Using Python on Orca #

Python is a programming language that is easy to learn, easy to use, and easy to integrate with other software. It is widely used by researchers because of the rich libraries available for math and science. Python trades performance for ease of development.

This page is concerned with how Python is used on the Orca cluster. For a great Python tutorial on how to use the Python language itself, visit learnpython.org.

Getting Started #

What’s the different between Python 2 and Python 3? What is Conda? #

Python 2 is an older version of Python. In general, it is highly recommended to use Python 3 since it has major changes and improvements and has the best support for packages and libraries.

Miniconda is deprecated, use Conda or Mamba from the provided Python distribution. Conda is a virtual environment and package manager for Python. Conda is not a prefered environment, see Virtual Environments below.

Loading the Python environment module #

Python 3 is installed by default to all Linux machines, so it is available on all of OIT-RC’s Linux systems as well. Again, using Python 2 is highly discouraged, unless it is needed for older code.

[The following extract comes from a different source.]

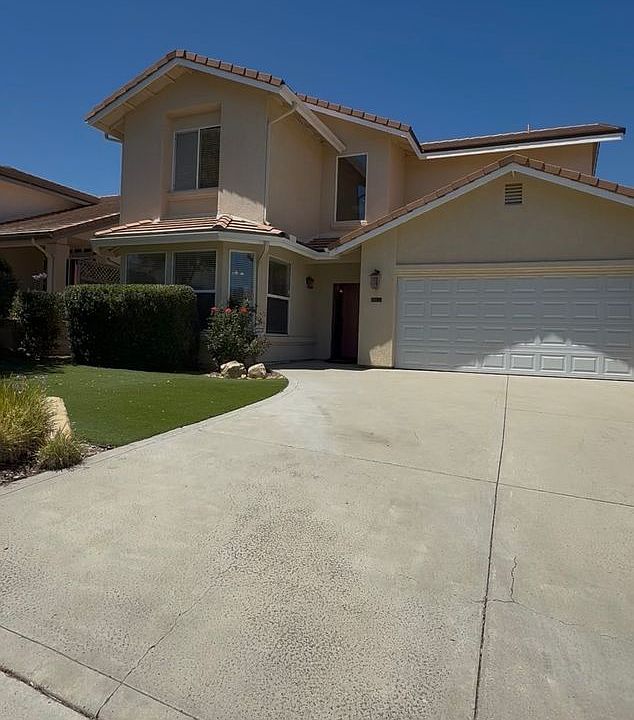 1st image of 1090 Megan Ct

Upon logging in to a system you can check the python version.

$ /usr/bin/python --version
Python 3.9.18

It is recommended to load the module for python to get the most complete set of math and science libraries.

$ module load python
$ python --version
Python 3.9.19 :: Intel Corporation

The OS provided /usr/bin/python3 will still provide Python 3 but will not have conda or mamba nor all the science, data, and math libraries.

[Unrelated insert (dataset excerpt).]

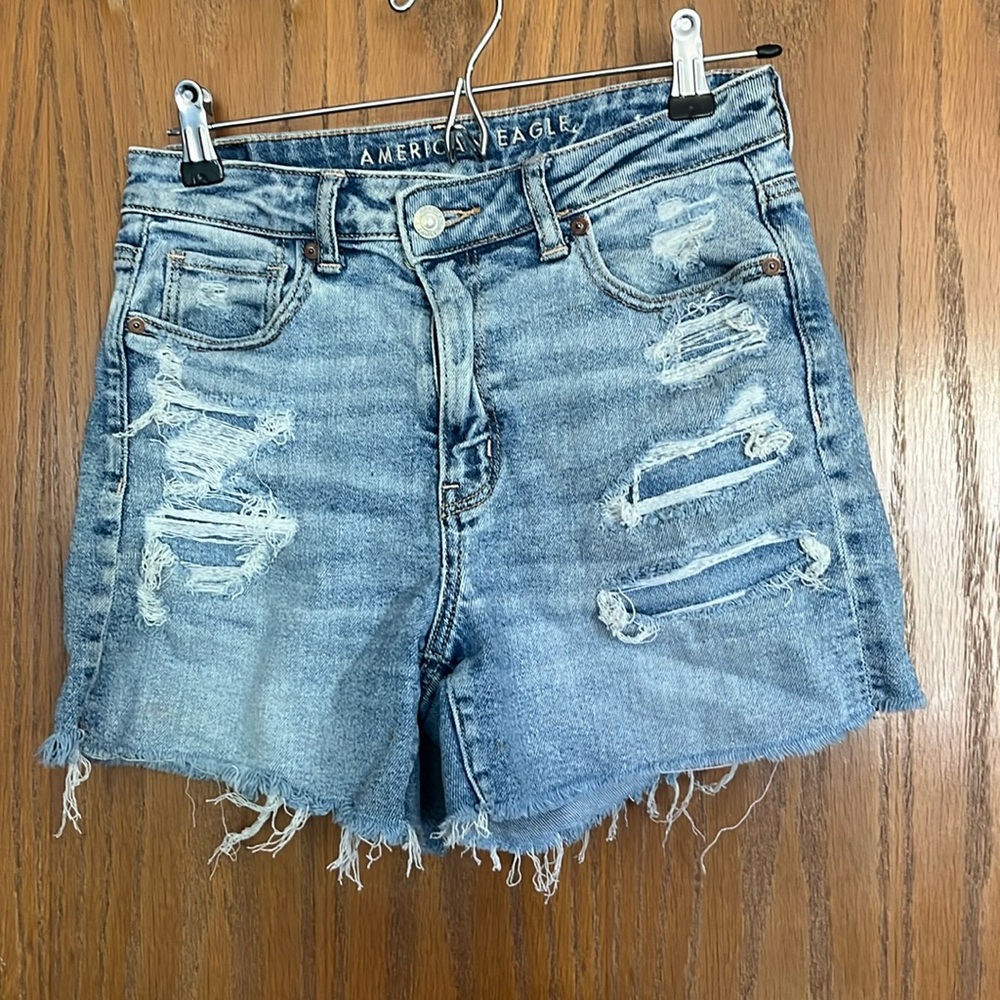 American Eagle - Slightly distressed denim shorts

The python module, which provides /software/python/intel/3.9.19/intelpython3/bin/python, is recommended as it has the best performance and solid support, plus most all math, science, and data packages have been added.
If some software or package being used requires a certain version of Python 3, then a virtual environment is recommended, either venv or uv, see below.

Virtual Environments #

Virtual environments are how individual users can install and load different sets of packages as needed into a small, clean, and self-contained environment that is easy to use for you and others on your project.

Virtual Environment Using `venv` (Recommended) #

The preferred way of using virtual environments in Python is with the venv package.

First, a virtual environment (venv) needs to be made (-m) and named anything; here, it is named myPythonEnv.

$ module load python
$ python -m venv myPythonEnv

Next, the venv needs to be activated. If an sbatch script wants to use a virtual environment, it must have this line in the sbatch script. An active venv in the shell will have the venv name in parenthesis before the shell prompt symbol ($).

$ source myPythonEnv/bin/activate
(myPythonEnv) $

Once a virtual environment is running, use pip to install needed libraries, generally you will want pandas (includes numpy), scipy, scikit-learn, dask, and ray.

(myPythonEnv) $ pip install --upgrade pip
(myPythonEnv) $ pip install pyperformance pandas dask ray scipy scikit-learn

Finally, when you are done with your session, deactivate the venv. To deactivate a venv, deactivate is used. Alternatively, if the shell ends or the sbatch script ends, the virtual environment will be deactivated as well. This has finished once the venv name before the shell prompt will be removed.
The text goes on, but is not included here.